The recommendation is outlined in a court brief, known as a “statement of interest,” filed by the DOJ earlier this week. It describes how the school district’s motion to dismiss the lawsuit “erroneously” argues that it abides by federal laws prohibiting such discrimination and “ignores Plaintiffs’ allegations” that a school enrollment policy is “intentionally discriminatory and is discriminatorily applied.”
The DOJ added that the district’s legal argument to dismiss the lawsuit “cites cases out of context” and “misconstrues governing legal standards.”
The statement of interest was offered to assist the court in evaluating the SPLC’s lawsuit.
“We welcome the Department of Justice’s input and hope it assists our clients’ efforts to attend school,” said Naomi Tsu, SPLC deputy legal director. “The school district is legally mandated to provide these children with an education, but insists on turning away immigrant children at the schoolhouse door.”
The SPLC filed the lawsuit in May on behalf of immigrant children with limited English skills denied enrollment in high school. The youths, who range in age from 15 to 17 years old, were pushed into an adult English program that offers no opportunity to earn credit toward a high school diploma – a violation of state and federal laws.
Following a rise in the number of unaccompanied teens coming to the United States, the Collier County School Board adopted a policy that lowers the maximum age at which a student may enroll if the student is not on track to graduate within two years. Since then, school employees have denied enrollment to recently arrived English language learners who are as young as 15, claiming these students are behind academically.
State and federal law, however, requires that schools offer a meaningful education to all children, including English language learners. The Florida Constitution also requires the district to provide a “quality education” to all students. The district has taken no steps to evaluate, assess and create a plan for these students’ education, as required under state and federal law.

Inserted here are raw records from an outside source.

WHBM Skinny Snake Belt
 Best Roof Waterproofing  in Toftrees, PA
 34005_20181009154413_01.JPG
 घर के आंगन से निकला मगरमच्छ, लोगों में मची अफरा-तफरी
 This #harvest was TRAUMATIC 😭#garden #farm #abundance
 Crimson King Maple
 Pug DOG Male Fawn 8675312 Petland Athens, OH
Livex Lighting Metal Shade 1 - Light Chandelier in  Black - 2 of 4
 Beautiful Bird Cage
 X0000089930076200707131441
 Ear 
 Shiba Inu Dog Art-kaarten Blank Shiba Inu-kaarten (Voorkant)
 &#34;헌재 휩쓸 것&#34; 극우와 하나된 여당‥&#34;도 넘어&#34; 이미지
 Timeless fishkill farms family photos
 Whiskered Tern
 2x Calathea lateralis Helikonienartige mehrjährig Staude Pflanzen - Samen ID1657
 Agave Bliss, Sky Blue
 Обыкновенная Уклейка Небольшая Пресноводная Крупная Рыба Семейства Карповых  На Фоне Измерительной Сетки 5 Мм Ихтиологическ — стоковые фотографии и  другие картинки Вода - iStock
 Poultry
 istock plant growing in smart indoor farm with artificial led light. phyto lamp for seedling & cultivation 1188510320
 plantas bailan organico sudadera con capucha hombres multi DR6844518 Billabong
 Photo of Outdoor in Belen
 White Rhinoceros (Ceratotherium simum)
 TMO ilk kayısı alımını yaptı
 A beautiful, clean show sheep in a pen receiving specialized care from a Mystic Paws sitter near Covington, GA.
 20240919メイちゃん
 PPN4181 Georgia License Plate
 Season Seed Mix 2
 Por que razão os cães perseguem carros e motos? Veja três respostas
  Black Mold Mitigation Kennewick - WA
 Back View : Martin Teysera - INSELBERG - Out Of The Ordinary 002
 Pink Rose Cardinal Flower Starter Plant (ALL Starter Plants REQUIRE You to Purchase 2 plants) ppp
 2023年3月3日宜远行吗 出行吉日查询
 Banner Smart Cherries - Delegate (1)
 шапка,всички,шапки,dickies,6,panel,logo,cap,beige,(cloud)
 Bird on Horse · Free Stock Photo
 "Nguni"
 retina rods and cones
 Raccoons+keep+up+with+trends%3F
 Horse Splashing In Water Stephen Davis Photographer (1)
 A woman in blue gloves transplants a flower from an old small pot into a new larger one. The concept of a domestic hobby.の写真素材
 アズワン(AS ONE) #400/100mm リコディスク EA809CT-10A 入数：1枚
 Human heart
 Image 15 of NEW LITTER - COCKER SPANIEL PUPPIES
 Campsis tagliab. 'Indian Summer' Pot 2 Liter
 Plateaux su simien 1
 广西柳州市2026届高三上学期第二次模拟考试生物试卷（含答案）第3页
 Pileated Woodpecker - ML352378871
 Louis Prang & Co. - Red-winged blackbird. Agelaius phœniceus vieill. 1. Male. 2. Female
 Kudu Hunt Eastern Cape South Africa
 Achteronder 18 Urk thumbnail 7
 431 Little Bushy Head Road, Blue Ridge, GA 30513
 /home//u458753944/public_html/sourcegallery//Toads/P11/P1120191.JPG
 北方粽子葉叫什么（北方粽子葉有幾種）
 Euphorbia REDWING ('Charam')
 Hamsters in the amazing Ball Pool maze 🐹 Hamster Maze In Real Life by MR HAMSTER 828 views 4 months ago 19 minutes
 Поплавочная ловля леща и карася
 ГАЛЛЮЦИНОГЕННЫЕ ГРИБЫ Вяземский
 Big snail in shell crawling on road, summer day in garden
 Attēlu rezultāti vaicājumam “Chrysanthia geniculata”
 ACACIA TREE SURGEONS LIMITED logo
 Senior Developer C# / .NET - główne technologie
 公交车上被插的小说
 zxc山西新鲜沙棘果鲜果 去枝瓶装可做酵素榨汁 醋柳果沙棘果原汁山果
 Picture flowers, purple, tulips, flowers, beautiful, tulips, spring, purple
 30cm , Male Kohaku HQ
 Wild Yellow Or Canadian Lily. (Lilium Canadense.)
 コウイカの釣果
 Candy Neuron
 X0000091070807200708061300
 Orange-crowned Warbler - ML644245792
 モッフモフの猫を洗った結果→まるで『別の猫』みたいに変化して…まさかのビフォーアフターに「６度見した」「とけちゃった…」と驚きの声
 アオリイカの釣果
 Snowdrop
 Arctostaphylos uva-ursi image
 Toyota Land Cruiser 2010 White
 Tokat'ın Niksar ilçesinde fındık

The DOJ’s filing cites a recent decision by a federal court in New York that denied a motion to dismiss a lawsuit against the Utica City School District, which was accused of diverting immigrant students into a basic English class and a high school equivalency program with no opportunity to earn a regular diploma. A settlement was reached in that case to prevent discrimination against immigrant students.
The SPLC lawsuit was filed in the U.S. District Court for the Middle District of Florida.